The changes include a major population shift from rural to urban areas and, more recently, a declining birthrate and rapidly aging society.

Plans are advancing at the central and local government level to end the prefectural system and reorganize Japan into roughly a dozen super-states.

If the Liberal Democratic Party-New Komeito ruling bloc and its supporters prevail, the nearly 150-year-old prefectural system could be history by 2017.

What would a “United States of Japan” (Doshusei) look like on a map?

Last month, an LDP panel recommended abolishing the prefectural system and reorganizing the nation into between 11 and 13 regional blocks (depending on the preference of targeted prefectures.

Hokkaido, Kyushu and Okinawa would be separate blocks, while Shikoku would either be separate or part of a larger block encompassing the current Chugoku region of western Honshu (Tottori, Shimane, Okayama, Hiroshima and Yamaguchi prefectures).

The six prefectures of the Tohoku region (Aomori, Iwate, Miyagi, Akita, Yamagata and Fukushima) would make up the Tohoku block.

And the six Kansai region prefectures (Shiga, Kyoto, Osaka, Hyogo, Nara and Wakayama) would form the Kansai block. Aichi and four other prefectures of the Chubu region (Mie, Shizuoka, Gifu and Nagano) would be called either the Chubu or Tokai block.

Tokyo would be either a separate region or part of a new southern Kanto block that would include Kanagawa, Chiba and Yamanashi prefectures. Saitama would be in either a northern Kanto block along with Gunma, Tochigi, and Miyagi prefectures or part of the southern Kanto block.

What would the political structure be like?

Each regional block would elect a governor and a regional assembly, both of which would have far more authority than under the current prefectural system to raise and spend funds on local needs, making the new entities more autonomous and similar to U.S. states.

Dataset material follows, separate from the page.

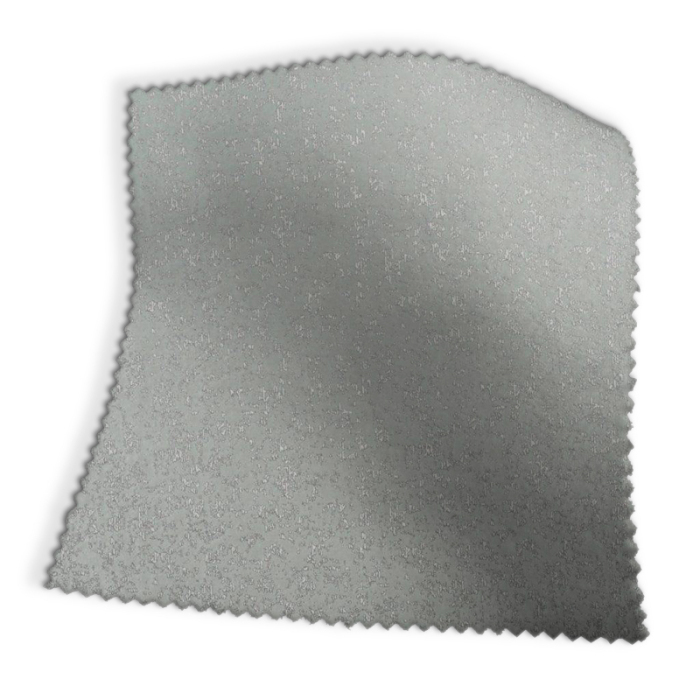 Made To Measure Roman Blinds Igneous Moonstone Swatch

The central government’s primary responsibilities would be to set overall national strategy and provide national defense.

What are the arguments for a regional block system?

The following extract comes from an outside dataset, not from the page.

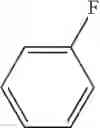 Fig. 2012 - Liquid crystal compound, liquid crystal composition and liquid crystal display device
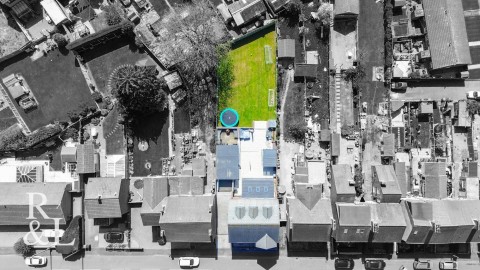 Property thumbnail image for Gresley Wood Road, Church Gresley, Swadlincote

The basic arguments are that it would transfer more political power and tax money from the central to local governments; it would lead to regional governments that are internationally competitive and a central government that is strong in setting national strategies and in crisis response; it would make the central and local governments more effective; and it would relieve the population concentration around Tokyo and allow for creation of specialized economic zones.

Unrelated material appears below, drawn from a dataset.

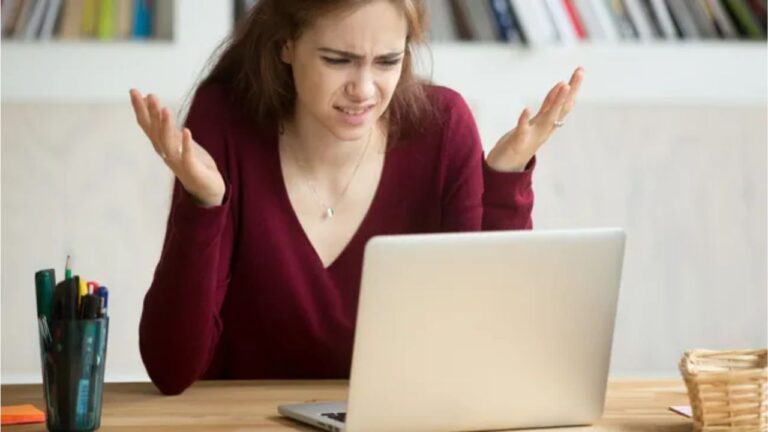 “Windows 11 Recall: New Report Raises More Privacy Concerns”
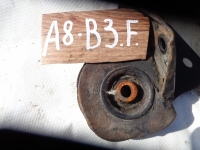 Балка под двс, AUDI, 80, B3, 1991, F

What are the main advantages of the new system, and who is promoting these advantages?

The strongest supporters of the regional block system are the LDP and business and industrial organizations that see the current prefectural system as economically inefficient, overly bureaucratic and impractical for a country where the population is falling and people are aging rapidly.

The merits of a regional block system, they say, are that it would help local governments better respond to local needs; make it easier for Tokyo to formulate national strategies because local governments would be invested with decision-making powers currently held by central government bureaucrats; offer better economies of scale for local infrastructure facilities and services; and drive competition among the regions, making the nation as a whole more diversified.

What are the disadvantages?

Opponents argue the new system would take local government further away from residents, especially those in small towns and villages or smaller prefectures; lead to population and financial concentrations in certain regions and thus further widen the economic and social gaps between them; undermine the sense of national unity and lead to a weaker nation; and create fewer but larger and more complex regional bureaucracies.

They also deny that providing larger regional bureaucracies with more resources and authority would lead to more efficiency and less waste, saying this has been contradicted by a history of failed local-level public works projects that arose in the 1990s.

What is the current status of discussions?

The idea is receiving quite a bit of attention among local governments and business entities in the prefectures that support integration.

Introducing the regional block system is in fact part of Internal Affairs and Communications Minister Hiroya Masuda’s brief.

Osaka is among the prefectures that support the regional system. But others, including Hyogo, have doubts.

Public opinion polls by government and various local media show a plurality of people either oppose a “United States of Japan” or are ambivalent about it.

At the same time, however, the polls show most Japanese feel their lives are too controlled by Tokyo bureaucrats and they welcome further efforts to decentralize.